Праздник неумолимо приближался. Проблема была с платьем. За неделю сшить было уже не реально, тем более, что Кузя уроки домоводства злостно пропускала и трудовичка заявила, что не стукнет ради Калугиной палец об палец. Я сразу понял, выход только в одном – сразу купить готовое. Марго опустила нас с Комаром на грешную землю: денег на покупку нового платья на Клюшке больше нет. Началась истерика. Каждая репетиция между Валеркой и Кузей превращалась в выяснение отношений. Я как мог, сглаживал их разногласия, как ни странно у меня это получалось. До вечера осталось три дня, платья не было.
– Все решено, – решительно произнес Валерка. – Я перебрал все варианты, – он сделал паузу. – Осталась только Санта-Барбара, – лицо Комара было пепельно-серым, он старался не смотреть на меня.
– Если ты туда пойдешь, – холодно заявил я, грудную клетку наполнила свинцовая тяжесть. – Ты мне больше тогда не друг!
– Аристарх не будь занудой, – взмолился Комар.
– Ты ополоумил, – я все еще никак не мог прийти в себя. – Ты обещал мне забыть дорогу в Санта-Барбару, – закричал я срывающимся голосом. – Думаешь, Кузя будет в восторге, если узнает правду?
– Она не узнает! – буркнул Комар.
– А если узнает? – продолжал давить я. – Что она подумает о тебе?! О Кузе подумай!!!
– Если ты такой умный, – вскипел Комар, – то придумай что-то, – Валерка был на грани нервного срыва. Он застонал, спрятав лицо в ладони. – Она согласилась, понимаешь, – Комар посмотрел на меня, и я понял насколько ему тяжело. – А я не могу достать ей платье, потому что я шляпа.
– Я достану тебе деньги, – кровь опять прилила к моим щекам. – Завтра до обеда у тебя будут деньги.
Комар вытаращил на меня глаза, остолбенел, наверное, подумал, что у меня снова бред и температура.
– Аристарх не чуди, – лицо Валерки кисло посмотрело на меня. – Где ты возьмешь такие деньги, сам, что ли вместо меня пойдешь в Санта-Барбару? – съехидничал Комар.
– Я тебе все сказал, – тихо, но уверенно повторил я. – Деньги у нас завтра будут!
– Хорошо, если завтра их не будет, – Валерка со значением взглянул на меня. – Не держи меня тогда, харе?! Кузя должна быть в самом лучшем платье.
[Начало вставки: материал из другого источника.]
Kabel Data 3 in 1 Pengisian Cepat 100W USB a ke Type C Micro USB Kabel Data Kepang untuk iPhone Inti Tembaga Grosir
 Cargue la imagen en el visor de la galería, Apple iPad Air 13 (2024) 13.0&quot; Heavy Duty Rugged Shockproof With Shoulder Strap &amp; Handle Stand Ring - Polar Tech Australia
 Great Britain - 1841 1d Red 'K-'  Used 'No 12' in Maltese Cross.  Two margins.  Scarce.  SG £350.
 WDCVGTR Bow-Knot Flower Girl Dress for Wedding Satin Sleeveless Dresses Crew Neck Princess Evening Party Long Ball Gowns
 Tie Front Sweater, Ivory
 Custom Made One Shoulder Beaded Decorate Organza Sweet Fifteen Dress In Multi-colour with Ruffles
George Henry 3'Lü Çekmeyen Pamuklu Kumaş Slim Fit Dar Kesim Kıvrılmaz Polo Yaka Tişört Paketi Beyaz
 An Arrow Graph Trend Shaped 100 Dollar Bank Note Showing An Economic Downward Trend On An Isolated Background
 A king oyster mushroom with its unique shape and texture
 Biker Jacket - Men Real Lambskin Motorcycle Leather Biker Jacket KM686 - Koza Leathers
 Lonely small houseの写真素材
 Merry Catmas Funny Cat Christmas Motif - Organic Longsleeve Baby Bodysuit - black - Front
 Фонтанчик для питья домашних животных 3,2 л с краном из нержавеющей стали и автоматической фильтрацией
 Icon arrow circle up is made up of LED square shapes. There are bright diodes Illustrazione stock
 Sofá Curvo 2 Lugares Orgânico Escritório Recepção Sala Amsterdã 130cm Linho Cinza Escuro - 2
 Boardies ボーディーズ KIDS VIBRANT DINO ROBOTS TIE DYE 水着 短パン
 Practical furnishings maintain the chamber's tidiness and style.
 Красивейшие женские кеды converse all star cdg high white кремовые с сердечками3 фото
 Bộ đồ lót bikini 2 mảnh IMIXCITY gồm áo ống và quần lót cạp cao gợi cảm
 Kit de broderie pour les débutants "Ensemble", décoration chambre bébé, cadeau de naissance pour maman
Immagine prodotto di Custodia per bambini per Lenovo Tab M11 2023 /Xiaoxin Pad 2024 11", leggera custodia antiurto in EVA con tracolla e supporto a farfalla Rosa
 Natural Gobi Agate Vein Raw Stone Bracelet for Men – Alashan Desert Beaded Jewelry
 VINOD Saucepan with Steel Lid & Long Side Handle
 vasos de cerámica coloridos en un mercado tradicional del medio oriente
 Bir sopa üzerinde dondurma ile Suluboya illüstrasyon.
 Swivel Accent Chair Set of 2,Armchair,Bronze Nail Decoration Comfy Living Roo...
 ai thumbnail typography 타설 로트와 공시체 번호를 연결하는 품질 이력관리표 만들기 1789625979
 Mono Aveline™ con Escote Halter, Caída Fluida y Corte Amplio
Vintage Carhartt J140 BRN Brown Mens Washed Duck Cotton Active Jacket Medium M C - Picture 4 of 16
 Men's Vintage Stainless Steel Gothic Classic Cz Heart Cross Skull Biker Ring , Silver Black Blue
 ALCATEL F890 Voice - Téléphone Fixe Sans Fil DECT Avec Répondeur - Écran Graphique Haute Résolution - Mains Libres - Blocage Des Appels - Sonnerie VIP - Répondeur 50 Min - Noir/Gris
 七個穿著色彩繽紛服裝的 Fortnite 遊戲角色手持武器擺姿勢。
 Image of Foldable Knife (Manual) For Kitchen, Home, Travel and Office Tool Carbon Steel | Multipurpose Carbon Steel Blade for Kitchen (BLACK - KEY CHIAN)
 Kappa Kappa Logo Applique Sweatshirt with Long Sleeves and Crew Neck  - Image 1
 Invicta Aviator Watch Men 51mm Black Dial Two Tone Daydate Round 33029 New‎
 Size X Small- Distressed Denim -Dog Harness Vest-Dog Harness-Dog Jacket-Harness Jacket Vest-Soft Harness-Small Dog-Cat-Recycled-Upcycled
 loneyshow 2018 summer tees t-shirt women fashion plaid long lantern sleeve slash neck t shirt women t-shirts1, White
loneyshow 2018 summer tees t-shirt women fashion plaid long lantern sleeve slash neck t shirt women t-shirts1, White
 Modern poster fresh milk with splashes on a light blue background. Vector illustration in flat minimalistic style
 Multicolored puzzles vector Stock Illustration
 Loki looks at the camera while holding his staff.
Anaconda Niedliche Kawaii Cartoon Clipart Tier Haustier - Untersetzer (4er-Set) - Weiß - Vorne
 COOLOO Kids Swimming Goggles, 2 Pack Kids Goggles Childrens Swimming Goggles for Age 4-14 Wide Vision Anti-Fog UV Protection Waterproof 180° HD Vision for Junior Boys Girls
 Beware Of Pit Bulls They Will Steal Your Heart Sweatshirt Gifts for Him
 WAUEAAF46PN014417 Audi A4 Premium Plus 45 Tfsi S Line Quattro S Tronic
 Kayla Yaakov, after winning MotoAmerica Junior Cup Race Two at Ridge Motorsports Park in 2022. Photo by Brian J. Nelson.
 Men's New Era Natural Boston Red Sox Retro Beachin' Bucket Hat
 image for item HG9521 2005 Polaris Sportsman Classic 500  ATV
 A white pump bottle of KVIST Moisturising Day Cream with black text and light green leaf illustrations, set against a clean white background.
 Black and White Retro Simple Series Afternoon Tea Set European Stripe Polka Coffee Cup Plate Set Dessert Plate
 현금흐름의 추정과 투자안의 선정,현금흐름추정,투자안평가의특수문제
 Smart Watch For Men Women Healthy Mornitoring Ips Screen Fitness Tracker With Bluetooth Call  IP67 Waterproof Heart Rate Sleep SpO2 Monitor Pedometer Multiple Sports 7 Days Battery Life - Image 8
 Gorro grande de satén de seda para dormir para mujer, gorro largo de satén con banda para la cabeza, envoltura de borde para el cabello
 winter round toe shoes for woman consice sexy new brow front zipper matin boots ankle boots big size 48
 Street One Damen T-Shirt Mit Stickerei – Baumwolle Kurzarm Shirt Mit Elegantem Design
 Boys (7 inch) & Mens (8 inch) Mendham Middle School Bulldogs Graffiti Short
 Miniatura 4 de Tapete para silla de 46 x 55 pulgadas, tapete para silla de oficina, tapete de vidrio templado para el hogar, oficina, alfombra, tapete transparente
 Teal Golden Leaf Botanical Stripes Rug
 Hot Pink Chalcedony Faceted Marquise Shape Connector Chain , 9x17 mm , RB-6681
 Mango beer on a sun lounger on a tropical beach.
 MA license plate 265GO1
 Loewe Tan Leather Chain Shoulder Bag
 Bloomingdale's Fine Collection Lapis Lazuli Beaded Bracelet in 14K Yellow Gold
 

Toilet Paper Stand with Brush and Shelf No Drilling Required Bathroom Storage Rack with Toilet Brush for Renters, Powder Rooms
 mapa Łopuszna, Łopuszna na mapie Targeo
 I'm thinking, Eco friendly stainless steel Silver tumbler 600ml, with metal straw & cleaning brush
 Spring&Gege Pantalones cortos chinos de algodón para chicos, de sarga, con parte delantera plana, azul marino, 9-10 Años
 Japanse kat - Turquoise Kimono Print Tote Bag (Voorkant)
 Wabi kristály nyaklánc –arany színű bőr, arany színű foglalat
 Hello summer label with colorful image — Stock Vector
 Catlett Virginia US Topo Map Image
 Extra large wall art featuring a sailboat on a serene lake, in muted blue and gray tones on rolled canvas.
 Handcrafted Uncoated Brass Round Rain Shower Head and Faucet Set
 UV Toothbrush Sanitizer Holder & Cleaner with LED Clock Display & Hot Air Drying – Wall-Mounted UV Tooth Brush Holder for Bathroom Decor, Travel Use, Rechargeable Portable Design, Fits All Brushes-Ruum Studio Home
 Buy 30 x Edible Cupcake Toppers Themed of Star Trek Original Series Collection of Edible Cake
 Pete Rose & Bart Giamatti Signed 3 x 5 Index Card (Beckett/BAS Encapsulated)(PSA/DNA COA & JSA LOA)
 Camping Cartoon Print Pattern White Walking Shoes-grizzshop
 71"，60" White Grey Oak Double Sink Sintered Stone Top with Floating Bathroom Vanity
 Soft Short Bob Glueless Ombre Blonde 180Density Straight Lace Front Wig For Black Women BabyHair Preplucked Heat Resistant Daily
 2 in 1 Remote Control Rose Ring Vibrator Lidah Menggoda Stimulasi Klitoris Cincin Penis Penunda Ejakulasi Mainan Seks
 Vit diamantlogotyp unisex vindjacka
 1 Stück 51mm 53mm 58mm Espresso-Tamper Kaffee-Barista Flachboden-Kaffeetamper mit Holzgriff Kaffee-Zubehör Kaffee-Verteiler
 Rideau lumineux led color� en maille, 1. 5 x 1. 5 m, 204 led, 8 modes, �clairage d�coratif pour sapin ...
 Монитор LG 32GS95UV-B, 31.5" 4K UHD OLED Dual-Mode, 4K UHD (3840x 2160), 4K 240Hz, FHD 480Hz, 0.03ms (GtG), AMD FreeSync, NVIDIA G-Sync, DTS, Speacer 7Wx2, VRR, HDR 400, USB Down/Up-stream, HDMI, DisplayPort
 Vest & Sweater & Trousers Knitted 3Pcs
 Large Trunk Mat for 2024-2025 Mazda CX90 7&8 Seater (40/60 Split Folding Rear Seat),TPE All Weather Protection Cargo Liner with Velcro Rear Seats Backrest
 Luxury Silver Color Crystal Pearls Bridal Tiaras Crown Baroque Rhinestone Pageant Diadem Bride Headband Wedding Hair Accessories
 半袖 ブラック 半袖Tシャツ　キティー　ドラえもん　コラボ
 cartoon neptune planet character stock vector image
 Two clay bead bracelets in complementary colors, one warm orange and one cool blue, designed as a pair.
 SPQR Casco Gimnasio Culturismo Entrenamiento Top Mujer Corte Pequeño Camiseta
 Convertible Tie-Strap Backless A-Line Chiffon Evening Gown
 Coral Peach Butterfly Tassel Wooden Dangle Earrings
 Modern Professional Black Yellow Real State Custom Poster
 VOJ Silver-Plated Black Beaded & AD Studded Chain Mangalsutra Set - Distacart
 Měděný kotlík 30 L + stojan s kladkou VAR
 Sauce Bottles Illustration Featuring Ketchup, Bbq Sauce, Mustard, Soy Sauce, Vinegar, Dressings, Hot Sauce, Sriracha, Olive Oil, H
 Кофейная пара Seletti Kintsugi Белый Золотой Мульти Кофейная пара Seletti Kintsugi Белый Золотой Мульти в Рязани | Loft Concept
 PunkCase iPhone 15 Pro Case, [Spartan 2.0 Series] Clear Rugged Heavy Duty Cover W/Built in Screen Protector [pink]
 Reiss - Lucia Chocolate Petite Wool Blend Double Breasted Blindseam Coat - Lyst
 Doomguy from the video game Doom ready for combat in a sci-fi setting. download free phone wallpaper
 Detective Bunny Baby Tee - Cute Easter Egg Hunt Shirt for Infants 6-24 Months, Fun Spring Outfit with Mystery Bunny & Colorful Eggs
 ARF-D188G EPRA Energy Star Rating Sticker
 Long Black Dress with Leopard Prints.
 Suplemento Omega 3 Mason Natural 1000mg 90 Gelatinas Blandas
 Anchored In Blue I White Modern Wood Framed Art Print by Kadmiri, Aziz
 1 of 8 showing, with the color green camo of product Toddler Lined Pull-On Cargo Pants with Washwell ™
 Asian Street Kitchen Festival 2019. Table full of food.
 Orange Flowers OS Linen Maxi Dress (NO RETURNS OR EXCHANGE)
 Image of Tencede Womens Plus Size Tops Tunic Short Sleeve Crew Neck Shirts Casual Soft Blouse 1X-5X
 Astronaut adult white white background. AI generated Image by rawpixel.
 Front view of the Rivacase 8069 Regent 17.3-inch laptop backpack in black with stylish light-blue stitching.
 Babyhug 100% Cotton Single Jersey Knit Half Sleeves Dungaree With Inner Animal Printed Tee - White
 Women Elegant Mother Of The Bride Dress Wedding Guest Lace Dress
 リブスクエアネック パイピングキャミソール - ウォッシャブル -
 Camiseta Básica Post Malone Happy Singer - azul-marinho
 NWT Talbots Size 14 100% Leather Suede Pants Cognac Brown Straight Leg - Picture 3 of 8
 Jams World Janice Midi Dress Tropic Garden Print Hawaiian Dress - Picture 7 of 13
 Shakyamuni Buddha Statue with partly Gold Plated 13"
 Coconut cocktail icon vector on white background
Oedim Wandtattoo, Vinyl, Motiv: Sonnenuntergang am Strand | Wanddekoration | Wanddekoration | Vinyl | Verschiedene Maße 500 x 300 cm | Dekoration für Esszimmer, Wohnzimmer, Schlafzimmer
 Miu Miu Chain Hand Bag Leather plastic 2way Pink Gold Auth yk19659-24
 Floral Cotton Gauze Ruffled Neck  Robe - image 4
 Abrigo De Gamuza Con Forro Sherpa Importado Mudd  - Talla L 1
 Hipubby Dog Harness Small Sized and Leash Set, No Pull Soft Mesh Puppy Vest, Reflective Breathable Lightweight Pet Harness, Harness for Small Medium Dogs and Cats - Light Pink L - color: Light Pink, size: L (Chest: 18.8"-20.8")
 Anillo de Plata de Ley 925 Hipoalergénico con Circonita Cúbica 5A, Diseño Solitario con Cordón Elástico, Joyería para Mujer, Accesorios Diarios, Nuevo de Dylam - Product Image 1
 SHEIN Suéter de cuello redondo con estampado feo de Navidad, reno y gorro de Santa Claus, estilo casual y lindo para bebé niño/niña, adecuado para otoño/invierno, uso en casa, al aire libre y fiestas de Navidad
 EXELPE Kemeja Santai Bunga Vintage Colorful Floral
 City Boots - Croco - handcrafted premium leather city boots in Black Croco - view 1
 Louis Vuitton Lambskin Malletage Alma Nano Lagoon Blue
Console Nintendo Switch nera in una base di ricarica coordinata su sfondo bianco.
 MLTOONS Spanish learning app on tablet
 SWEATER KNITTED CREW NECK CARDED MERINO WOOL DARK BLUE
Я молчаливо кивнул головой. Сразу после разговора с Валеркой я направился в воспитательскую. Мне нужен был Большой Лелик. Он был на месте, играл в поддавки с Тоси-Боси.
– Леолид Иванович, – обратился я, залившись проклятой краснотой. – Мне надо с вами переговорить один на один.
По интонации моего голоса, Лелик понял, что это серьезно.
Паша, – обратился он к Тоси-Боси, – доиграем через минут пятнадцать, – и Большой Лелик посмотрел на меня, словно спрашивал: столько времени хватит. Тоси-Боси без обид оставил нас одних в воспитательской. – Леолид Иванович, – кинулся я в бой. – Одолжите деньги. Кузе необходимо на вечер купить платье.
– Почему ты просишь деньги, а не Комаров?
Я не ответил на этот вопрос.
– Он же тебе никогда не вернет этих денег, – Большой Лелик продолжал с интересом наблюдать за мной.
– Никто и не заставляет его это делать.
– Однако, – изумился Большой Лелик, вскинув бровями.